We anticipate that our primary sources of funds for our short-term liquidity needs will be cash flows from operations. We believe that cash flows from operations will be sufficient to meet our existing liquidity needs for at least the next 12 months. Generally, we anticipate that our long-term sources of funds will be from cash from operations, long-term bank borrowings and other debt or equity financings, or a combination thereof. Because we and OPCO distribute all of our and its available cash, we expect that we and OPCO will rely upon external financing sources, including bank borrowings and the issuance of debt and equity securities, to fund acquisitions and expansion and investment capital expenditures, including any acquisition opportunities we may pursue under the omnibus agreement with Teekay Corporation and other of its affiliates.
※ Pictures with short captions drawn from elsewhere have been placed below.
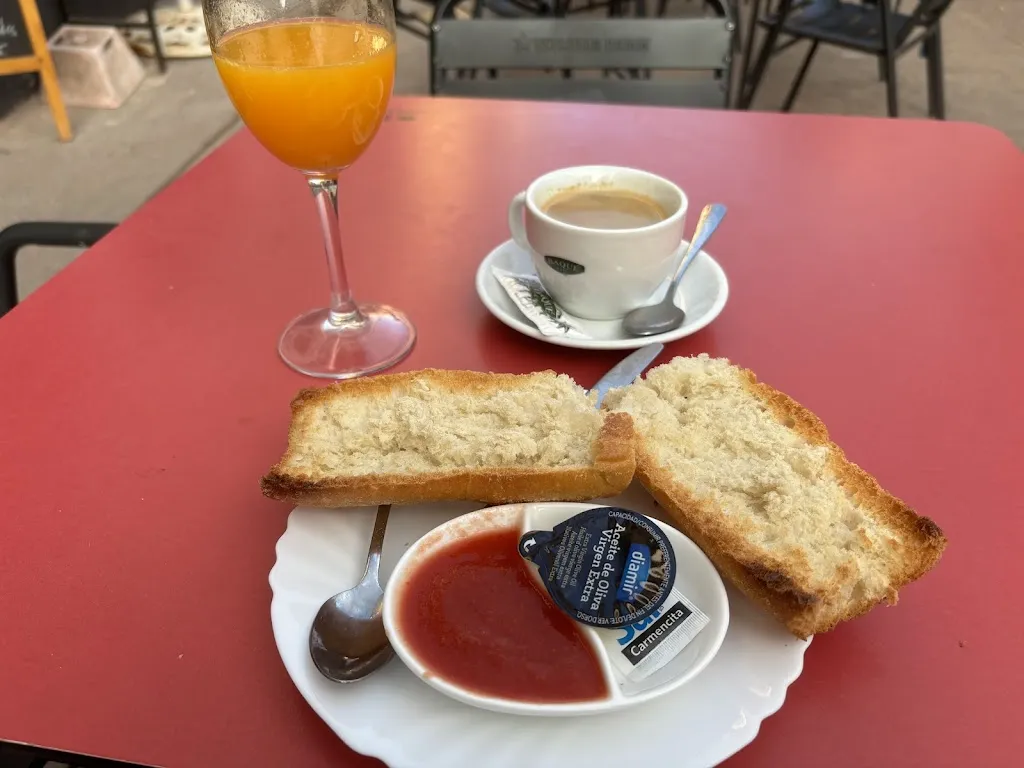 Bar Restaurante El Descanso del Peregrino_Alesanco_slider_image_2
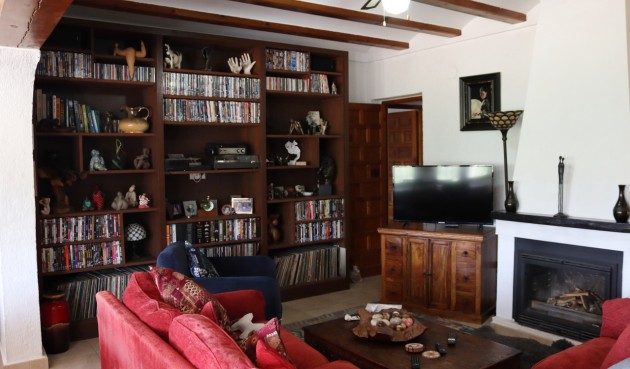 Reventa - Villa -
Orba - Inland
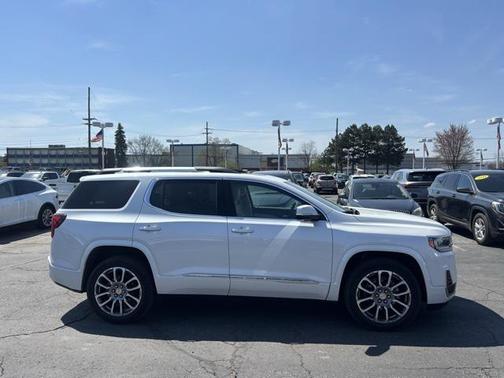 2023 GMC Acadia Denali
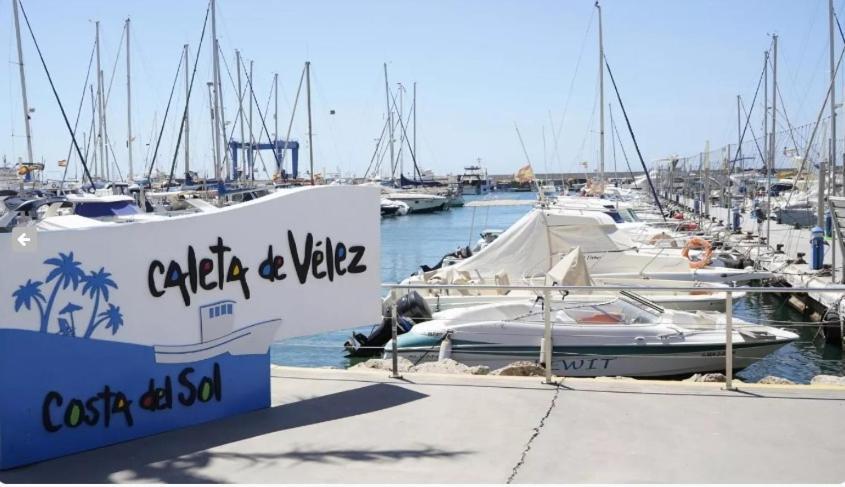 Apartamento primera línea playa. Vistas al mar Caleta de Vélez Exterior foto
Cash Flows. The following table summarizes our sources and uses of cash for the periods presented:
                 
    Six Months Ended June 30,  
(in thousands of U.S. dollars)   2008     2007  
          (restated)  
 
Net cash flow from operating activities
    55,439       7,446  
Net cash flow from financing activities
    85,487       (15,127 )
Net cash flow from investing activities
    (149,129 )     3,039  
Operating Cash Flows. Net cash flow from operating activities increased to $55.4 million for the six months ended June 30, 2008, from $7.4 million for the same period in 2007, primarily reflecting the inclusion of the Navion Bergen and the Navion Gothenburg since April 2007 and July 2007, respectively, partially offset by a $22.5 million increase in cash distributions paid by OPCO to non-controlling interest owners, an increase in vessel operating expenses due to a trend of increasing crew compensation and an increase in interest expense from the increase in debt due to our acquisition of the SPT Explorer, the SPT Navigator, the Navion Oslo, the Navion Bergen and the Dampier Spirit, and our 50% interest in the Navion Gothenburg. Net cash flow from operating activities depends upon the timing and amount of drydocking expenditures, repairs and maintenance activity, vessel additions and dispositions, foreign currency rates, changes in interest rates, fluctuations in working capital balances and spot market hire rates. The number of vessel drydockings tends to be uneven between years.
Financing Cash Flows. Scheduled debt repayments were $14.3 million and $6.4 million during the six months ended June 30, 2008 and 2007, respectively. Net proceeds from long-term debt of $111.3 million were used to finance our acquisition of the SPT Explorer., the SPT Navigator and the Navion Oslo, which is explained in more detail below, and to partially fund debt prepayments and advances to affiliate. The amount of the distribution paid to Teekay Corporation relating to the purchase of the SPT Explorer. and the SPT Navigator was $16.7 million and is reflected as a financing cash flow.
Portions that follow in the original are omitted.